▶ Dataset entries
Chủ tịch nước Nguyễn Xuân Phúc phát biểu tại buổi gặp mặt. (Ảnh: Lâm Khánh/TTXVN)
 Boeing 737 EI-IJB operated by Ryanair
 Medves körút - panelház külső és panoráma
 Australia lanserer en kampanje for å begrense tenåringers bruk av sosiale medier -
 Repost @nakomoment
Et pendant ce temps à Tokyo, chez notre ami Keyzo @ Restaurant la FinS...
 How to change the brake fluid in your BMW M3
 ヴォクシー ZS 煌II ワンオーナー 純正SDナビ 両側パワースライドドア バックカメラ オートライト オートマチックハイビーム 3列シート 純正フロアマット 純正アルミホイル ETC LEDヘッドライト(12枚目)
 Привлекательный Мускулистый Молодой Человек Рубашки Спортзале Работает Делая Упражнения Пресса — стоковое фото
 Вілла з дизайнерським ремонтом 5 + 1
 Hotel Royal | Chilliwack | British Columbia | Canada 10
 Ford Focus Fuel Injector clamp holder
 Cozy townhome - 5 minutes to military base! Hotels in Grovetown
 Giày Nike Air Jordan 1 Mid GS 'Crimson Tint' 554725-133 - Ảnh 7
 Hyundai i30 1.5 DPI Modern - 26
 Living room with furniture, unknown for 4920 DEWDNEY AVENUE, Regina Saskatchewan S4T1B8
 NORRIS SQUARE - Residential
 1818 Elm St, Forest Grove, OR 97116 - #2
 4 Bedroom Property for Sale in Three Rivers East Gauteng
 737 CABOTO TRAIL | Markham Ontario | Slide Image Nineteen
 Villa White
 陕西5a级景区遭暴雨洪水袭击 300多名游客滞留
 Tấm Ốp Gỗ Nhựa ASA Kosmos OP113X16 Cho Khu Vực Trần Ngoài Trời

▶ Work required
Once you reach the line with "Et pendant ce" in the data above, copy it and every line after it exactly, up to and including the line with "4 Bedroom Property".

▶ Answer space
Et pendant ce temps à Tokyo, chez notre ami Keyzo @ Restaurant la FinS...
 How to change the brake fluid in your BMW M3
 ヴォクシー ZS 煌II ワンオーナー 純正SDナビ 両側パワースライドドア バックカメラ オートライト オートマチックハイビーム 3列シート 純正フロアマット 純正アルミホイル ETC LEDヘッドライト(12枚目)
 Привлекательный Мускулистый Молодой Человек Рубашки Спортзале Работает Делая Упражнения Пресса — стоковое фото
 Вілла з дизайнерським ремонтом 5 + 1
 Hotel Royal | Chilliwack | British Columbia | Canada 10
 Ford Focus Fuel Injector clamp holder
 Cozy townhome - 5 minutes to military base! Hotels in Grovetown
 Giày Nike Air Jordan 1 Mid GS 'Crimson Tint' 554725-133 - Ảnh 7
 Hyundai i30 1.5 DPI Modern - 26
 Living room with furniture, unknown for 4920 DEWDNEY AVENUE, Regina Saskatchewan S4T1B8
 NORRIS SQUARE - Residential
 1818 Elm St, Forest Grove, OR 97116 - #2
 4 Bedroom Property for Sale in Three Rivers East Gauteng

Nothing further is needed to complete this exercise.